I’ve seen A Serbian Film. The shocking horror movie has been stoking up controversy for months now and was recently behind a complaint filed by Barcelona public prosecutors against the Sitges Film Festival director Angel Sala accusing him of screening child pornography. Last year the British Board Of Film Classification demanded some 50 cuts before it could be released on DVD in the UK and it was pulled from the Frightfest lineup in London in August.
But Srdjan Spasovjevic’s film is far more well-made and intelligent than it is being given credit for. The story of an aging porn star given the chance to make one last lucrative movie by a mysterious millionaire, the film becomes a descent into hell as his benefactor is actually a depraved puppetmaster, turning the man into a killer and violator of all he holds dear.
It’s a genre film but it’s clearly a metaphor for the carnage that took place in the Yugoslav wars as men, women and children were massacred; everyday people became murderers desentitised to violence and killing, rape became a widespread form of political control and the Milosevic government led the population on in a wave of nationalistic fervour and media control.

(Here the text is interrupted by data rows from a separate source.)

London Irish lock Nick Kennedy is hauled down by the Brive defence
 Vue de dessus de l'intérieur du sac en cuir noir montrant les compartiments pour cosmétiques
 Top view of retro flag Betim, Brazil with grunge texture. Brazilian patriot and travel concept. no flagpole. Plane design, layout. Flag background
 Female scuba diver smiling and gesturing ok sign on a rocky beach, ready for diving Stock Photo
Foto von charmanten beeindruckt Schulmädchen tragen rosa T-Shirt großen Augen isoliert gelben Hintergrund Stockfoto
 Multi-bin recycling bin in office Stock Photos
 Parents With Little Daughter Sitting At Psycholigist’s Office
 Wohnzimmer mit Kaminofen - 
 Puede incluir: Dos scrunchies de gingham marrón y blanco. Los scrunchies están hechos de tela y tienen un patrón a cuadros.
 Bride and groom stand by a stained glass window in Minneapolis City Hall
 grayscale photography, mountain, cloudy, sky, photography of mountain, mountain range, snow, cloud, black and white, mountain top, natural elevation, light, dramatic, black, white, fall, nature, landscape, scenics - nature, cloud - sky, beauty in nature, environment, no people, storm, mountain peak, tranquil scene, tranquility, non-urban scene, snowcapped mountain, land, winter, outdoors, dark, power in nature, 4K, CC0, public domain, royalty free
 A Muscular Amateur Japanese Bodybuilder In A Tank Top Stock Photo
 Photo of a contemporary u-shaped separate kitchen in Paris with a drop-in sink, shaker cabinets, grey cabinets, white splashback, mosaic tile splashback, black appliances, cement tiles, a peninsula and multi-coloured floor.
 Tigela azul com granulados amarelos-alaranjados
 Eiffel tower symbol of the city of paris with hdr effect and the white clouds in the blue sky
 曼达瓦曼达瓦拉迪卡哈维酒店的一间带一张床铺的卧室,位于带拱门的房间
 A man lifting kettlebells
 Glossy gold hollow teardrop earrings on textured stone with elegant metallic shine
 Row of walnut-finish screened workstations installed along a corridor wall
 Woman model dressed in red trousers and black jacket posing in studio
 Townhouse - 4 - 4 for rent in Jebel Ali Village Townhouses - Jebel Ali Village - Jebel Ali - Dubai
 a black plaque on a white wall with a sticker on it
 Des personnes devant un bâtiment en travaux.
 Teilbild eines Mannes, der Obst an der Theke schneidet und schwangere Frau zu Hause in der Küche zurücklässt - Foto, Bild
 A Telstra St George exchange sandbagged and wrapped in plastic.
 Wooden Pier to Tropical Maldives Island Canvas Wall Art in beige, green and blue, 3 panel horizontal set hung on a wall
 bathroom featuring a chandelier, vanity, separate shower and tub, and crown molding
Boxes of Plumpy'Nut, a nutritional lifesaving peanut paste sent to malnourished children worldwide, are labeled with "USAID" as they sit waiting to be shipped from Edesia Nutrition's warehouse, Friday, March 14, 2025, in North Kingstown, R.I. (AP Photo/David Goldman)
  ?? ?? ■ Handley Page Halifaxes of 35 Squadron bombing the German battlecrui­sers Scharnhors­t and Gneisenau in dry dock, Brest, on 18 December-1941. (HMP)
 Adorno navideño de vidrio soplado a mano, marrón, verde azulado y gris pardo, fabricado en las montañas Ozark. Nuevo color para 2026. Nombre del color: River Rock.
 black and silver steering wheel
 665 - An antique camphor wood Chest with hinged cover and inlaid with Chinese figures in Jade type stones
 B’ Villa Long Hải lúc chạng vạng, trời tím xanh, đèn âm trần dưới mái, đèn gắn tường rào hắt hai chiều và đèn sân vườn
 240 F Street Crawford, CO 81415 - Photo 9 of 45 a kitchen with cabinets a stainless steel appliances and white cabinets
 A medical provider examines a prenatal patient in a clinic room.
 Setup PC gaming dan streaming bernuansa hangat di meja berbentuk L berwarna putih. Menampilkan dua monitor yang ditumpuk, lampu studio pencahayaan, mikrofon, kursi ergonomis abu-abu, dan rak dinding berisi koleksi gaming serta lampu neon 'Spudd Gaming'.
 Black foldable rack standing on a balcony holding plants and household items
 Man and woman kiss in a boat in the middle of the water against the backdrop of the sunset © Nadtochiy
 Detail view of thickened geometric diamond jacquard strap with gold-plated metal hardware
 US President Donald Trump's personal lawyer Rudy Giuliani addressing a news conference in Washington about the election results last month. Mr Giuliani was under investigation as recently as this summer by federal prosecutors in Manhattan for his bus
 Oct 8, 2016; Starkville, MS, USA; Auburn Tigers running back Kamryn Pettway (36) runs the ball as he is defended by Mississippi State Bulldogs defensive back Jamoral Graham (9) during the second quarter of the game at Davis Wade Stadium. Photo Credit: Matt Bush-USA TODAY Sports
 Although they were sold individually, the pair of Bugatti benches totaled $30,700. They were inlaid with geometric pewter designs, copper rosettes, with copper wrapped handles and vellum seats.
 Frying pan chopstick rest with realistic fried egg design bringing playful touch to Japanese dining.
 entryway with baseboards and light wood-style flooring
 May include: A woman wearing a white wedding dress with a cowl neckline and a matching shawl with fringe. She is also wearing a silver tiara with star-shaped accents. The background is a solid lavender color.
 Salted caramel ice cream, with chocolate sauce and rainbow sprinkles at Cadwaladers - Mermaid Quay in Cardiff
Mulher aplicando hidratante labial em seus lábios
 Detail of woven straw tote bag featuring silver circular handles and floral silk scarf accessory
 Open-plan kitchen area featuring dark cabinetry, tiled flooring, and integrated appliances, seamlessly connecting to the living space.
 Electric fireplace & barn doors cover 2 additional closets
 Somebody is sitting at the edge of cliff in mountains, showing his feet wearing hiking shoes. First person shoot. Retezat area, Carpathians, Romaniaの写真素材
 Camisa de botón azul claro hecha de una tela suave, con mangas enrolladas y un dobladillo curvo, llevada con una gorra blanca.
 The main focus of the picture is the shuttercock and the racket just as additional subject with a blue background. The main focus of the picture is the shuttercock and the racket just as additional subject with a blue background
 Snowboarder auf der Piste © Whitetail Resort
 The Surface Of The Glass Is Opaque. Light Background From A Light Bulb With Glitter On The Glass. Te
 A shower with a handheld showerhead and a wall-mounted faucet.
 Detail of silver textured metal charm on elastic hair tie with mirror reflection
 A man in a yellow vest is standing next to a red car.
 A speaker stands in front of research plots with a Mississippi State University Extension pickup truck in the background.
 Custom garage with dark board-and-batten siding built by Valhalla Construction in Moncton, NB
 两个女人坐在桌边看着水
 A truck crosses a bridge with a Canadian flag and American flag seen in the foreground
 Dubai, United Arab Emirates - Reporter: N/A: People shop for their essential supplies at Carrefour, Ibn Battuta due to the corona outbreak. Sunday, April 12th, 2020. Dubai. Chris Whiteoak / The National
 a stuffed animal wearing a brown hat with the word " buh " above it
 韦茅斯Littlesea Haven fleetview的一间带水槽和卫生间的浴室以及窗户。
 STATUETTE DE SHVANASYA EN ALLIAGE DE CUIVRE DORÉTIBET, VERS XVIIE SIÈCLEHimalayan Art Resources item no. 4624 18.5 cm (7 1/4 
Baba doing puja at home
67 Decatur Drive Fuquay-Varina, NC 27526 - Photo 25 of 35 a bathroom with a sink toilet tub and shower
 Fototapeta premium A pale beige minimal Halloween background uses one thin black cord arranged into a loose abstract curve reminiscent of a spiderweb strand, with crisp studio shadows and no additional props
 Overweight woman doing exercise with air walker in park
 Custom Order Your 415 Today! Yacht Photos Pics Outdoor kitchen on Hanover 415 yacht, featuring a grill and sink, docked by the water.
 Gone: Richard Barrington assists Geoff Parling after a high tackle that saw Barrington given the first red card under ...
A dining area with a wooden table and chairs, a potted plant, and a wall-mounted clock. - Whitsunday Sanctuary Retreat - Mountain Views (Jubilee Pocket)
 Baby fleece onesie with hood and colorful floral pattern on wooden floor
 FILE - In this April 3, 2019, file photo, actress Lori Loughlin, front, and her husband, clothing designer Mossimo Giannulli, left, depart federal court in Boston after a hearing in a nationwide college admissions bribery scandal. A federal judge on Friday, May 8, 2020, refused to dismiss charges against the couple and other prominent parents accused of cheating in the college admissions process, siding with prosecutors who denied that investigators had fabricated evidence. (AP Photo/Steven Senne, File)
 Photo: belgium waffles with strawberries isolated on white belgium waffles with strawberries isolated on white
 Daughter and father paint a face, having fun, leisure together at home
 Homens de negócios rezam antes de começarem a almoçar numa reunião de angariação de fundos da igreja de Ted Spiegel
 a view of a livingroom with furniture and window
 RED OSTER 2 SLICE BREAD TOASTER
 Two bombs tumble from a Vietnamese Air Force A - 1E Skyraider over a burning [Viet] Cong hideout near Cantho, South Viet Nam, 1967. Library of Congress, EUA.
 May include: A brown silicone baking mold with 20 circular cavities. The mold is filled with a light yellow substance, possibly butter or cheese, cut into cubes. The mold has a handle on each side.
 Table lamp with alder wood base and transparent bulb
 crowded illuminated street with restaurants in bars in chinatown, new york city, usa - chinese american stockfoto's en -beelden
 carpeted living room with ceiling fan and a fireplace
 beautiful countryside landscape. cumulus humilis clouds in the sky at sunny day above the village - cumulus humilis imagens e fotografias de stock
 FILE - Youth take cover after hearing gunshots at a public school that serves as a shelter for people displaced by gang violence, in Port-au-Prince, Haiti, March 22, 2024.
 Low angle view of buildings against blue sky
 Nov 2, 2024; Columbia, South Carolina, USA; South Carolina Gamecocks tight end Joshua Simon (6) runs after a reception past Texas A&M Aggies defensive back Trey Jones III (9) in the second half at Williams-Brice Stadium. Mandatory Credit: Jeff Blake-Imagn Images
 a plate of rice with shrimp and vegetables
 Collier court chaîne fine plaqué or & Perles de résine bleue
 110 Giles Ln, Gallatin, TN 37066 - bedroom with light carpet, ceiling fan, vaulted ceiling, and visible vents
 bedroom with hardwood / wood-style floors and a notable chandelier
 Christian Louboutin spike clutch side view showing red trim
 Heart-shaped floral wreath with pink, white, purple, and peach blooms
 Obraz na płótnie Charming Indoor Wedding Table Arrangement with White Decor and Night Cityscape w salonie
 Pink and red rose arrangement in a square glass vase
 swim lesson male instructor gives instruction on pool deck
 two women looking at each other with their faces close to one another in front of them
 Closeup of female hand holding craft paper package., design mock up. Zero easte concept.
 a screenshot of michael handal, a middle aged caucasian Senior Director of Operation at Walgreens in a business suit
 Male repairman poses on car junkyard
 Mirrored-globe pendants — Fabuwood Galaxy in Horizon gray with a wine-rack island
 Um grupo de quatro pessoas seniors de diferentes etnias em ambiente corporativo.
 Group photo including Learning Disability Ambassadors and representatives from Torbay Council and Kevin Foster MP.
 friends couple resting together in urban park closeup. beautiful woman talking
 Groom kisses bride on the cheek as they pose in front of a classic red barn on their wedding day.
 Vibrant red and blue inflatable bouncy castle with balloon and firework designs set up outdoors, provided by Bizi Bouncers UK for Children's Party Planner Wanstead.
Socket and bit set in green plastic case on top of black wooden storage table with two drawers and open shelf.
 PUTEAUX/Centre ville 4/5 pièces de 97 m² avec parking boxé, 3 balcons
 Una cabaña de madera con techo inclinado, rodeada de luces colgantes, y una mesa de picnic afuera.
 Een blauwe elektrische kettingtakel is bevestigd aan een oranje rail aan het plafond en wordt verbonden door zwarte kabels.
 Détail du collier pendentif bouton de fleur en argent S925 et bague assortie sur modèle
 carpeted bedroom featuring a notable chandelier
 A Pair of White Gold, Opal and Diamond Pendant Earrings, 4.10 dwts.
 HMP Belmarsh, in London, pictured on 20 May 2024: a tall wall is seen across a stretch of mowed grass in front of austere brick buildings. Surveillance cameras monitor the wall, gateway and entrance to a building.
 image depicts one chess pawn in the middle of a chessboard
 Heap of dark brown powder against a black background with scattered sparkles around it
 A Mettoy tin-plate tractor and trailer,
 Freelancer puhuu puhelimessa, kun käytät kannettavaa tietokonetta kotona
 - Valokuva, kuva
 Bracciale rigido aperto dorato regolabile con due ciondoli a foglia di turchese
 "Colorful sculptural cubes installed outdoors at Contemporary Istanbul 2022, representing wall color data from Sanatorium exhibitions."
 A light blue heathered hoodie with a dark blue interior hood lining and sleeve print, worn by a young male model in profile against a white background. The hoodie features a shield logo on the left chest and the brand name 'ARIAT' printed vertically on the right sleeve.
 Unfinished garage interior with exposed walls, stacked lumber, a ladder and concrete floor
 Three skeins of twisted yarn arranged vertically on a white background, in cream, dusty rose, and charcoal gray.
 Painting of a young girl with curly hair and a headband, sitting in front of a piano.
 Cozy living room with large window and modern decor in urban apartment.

The actions portrayed in A Serbian Film are indeed grotesque and of course it’s not for the faint of heart. But it’s meant to shock and illustrate the horrors of violence and sexual violence, even if towards the end, the images are so extreme that they shouldn’t be taken too seriously. The film possesses a genuine sense of dread and the characters who survive literally cannot live with the knowledge of what they have gone through. As in the 1990s in Serbia, it is filled with monstrous happenings. It is indeed A Serbian Film.
The response to the film in Sitges, London and other places – the lab in Germany burned the print of the film they had made when they saw it – has been irritatingly prudish and misses the point. But then other daring films have recently met with a similarly outraged response, namely Brillante Mendoza’s brilliant and disturbing Kinatay and Michael Winterbottom’s haunting psychological thriller The Killer Inside Me.
Kinatay was so roundly dismissed by critics in Cannes 2009 that its subsequent win of the best director prize – jury chairman Isabelle Huppert was an avowed fan – came as a surprise to most. Likewise The Killer Inside Me, whose ugly scenes of violence against women are essential illustrations of the lead character’s personality, was booed by some critics at its Berlin competition screening. It’s as if cinema weren’t intended to reflect reality or depict the violence that happens every day in every country in the world. That’s exactly what cinema should do. I certainly don’t relish watching scenes of extreme violence on screen, but I do appreciate unsettling films which pushes audiences into their discomfort zone and exposes them to the darker side of life and human nature.
Several people I know have avoided watching A Serbian Film because they know that they will find it unsettling and unpleasant. I’m not even sure I am glad I saw it myself: it definitely got under my skin. But I admire its ambition to expand the horror genre and oppose any attempts to prevent its exhibition.